# Stored data
━━━━━━━━━━━━━━━━━━━━

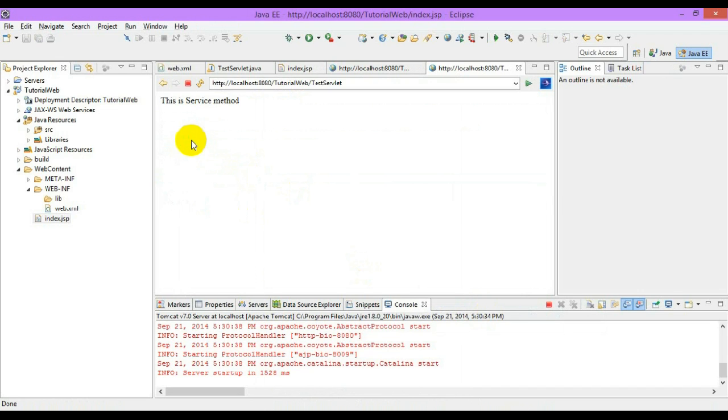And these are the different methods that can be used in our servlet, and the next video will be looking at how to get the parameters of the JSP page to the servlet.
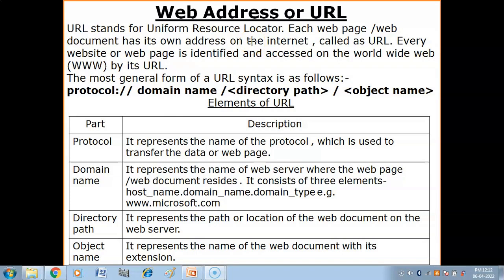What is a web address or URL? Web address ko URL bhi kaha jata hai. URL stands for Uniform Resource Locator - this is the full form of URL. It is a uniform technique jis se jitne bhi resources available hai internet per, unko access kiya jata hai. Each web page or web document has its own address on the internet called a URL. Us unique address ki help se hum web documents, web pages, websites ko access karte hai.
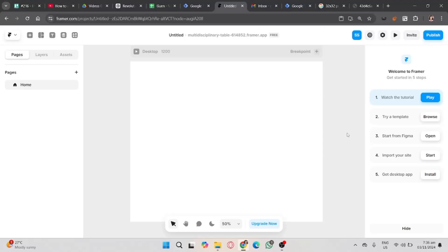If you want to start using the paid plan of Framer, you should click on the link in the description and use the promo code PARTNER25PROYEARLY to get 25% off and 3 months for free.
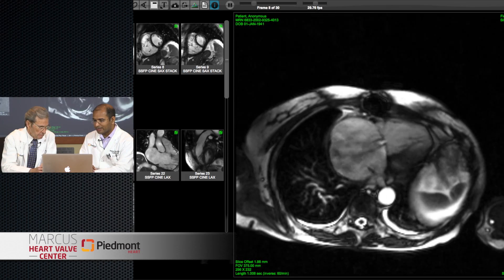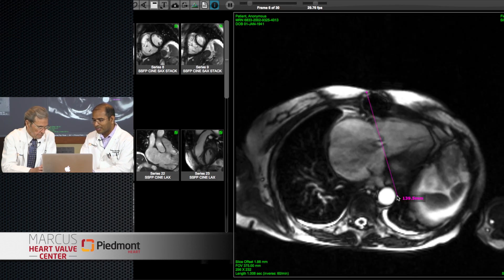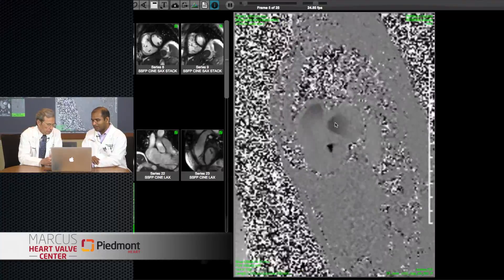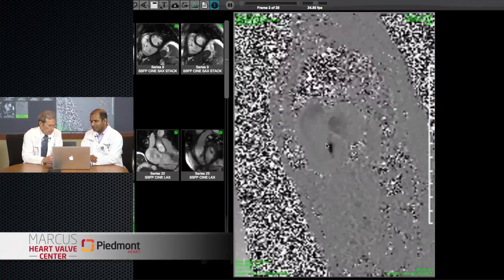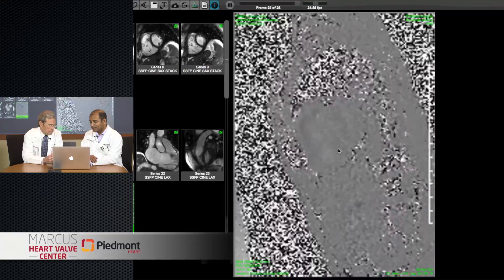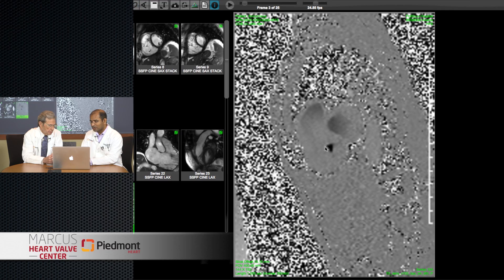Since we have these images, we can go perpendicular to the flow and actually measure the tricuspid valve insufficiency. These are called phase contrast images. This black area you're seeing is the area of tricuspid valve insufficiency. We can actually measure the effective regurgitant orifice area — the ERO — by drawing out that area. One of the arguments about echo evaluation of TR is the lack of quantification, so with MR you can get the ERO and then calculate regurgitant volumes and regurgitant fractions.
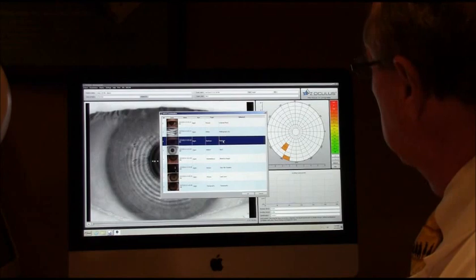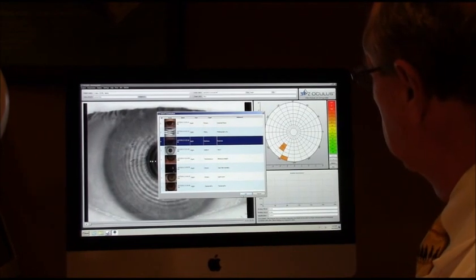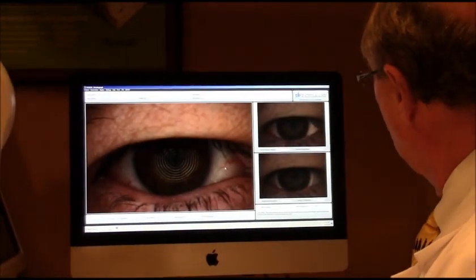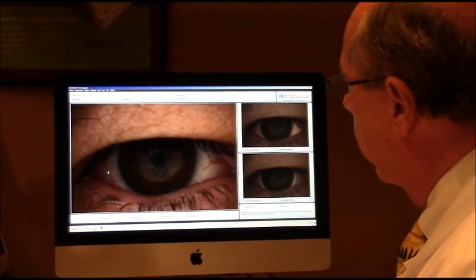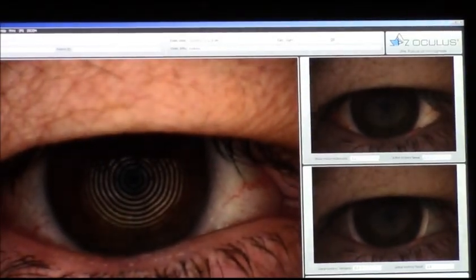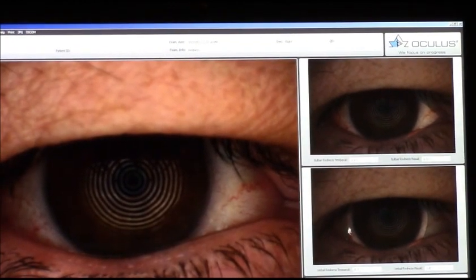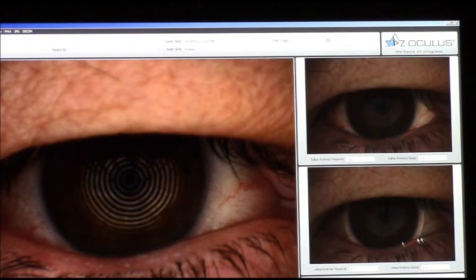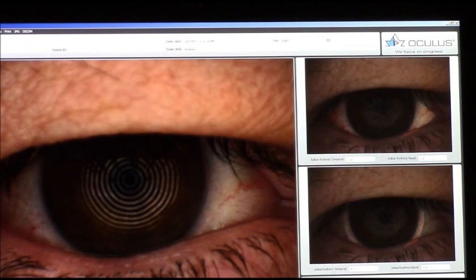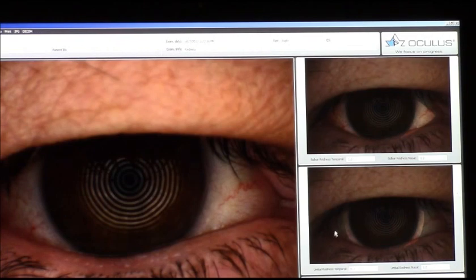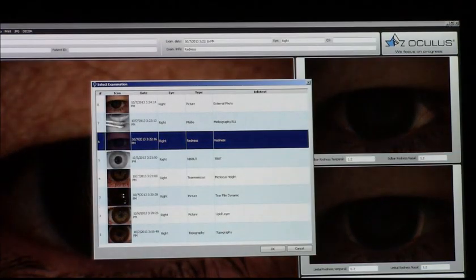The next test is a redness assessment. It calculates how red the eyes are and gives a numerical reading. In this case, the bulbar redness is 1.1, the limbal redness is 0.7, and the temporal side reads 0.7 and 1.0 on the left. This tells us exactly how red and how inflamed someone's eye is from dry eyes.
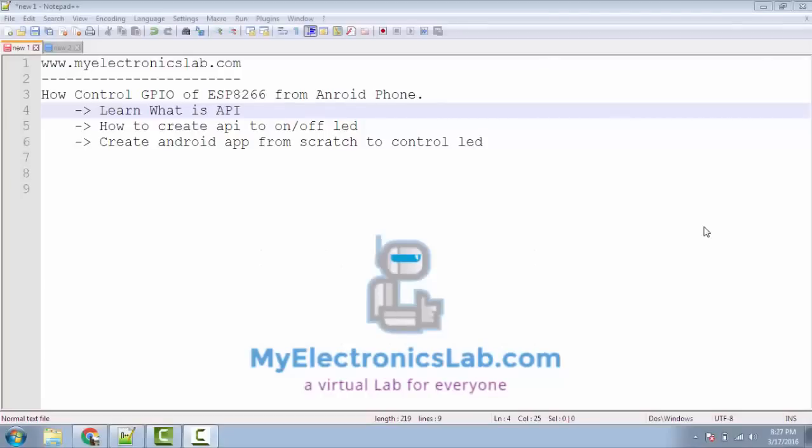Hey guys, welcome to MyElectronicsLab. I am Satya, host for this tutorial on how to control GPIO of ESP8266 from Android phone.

━━━━━━━━━━━━━━━━━━━━

# Exercise
Every entry above should be printed again exactly, except for the pictures.

# Result of the exercise
And these are the different methods that can be used in our servlet, and the next video will be looking at how to get the parameters of the JSP page to the servlet.
What is a web address or URL? Web address ko URL bhi kaha jata hai. URL stands for Uniform Resource Locator - this is the full form of URL. It is a uniform technique jis se jitne bhi resources available hai internet per, unko access kiya jata hai. Each web page or web document has its own address on the internet called a URL. Us unique address ki help se hum web documents, web pages, websites ko access karte hai.
If you want to start using the paid plan of Framer, you should click on the link in the description and use the promo code PARTNER25PROYEARLY to get 25% off and 3 months for free.
Since we have these images, we can go perpendicular to the flow and actually measure the tricuspid valve insufficiency. These are called phase contrast images. This black area you're seeing is the area of tricuspid valve insufficiency. We can actually measure the effective regurgitant orifice area — the ERO — by drawing out that area. One of the arguments about echo evaluation of TR is the lack of quantification, so with MR you can get the ERO and then calculate regurgitant volumes and regurgitant fractions.
The next test is a redness assessment. It calculates how red the eyes are and gives a numerical reading. In this case, the bulbar redness is 1.1, the limbal redness is 0.7, and the temporal side reads 0.7 and 1.0 on the left. This tells us exactly how red and how inflamed someone's eye is from dry eyes.
Hey guys, welcome to MyElectronicsLab. I am Satya, host for this tutorial on how to control GPIO of ESP8266 from Android phone.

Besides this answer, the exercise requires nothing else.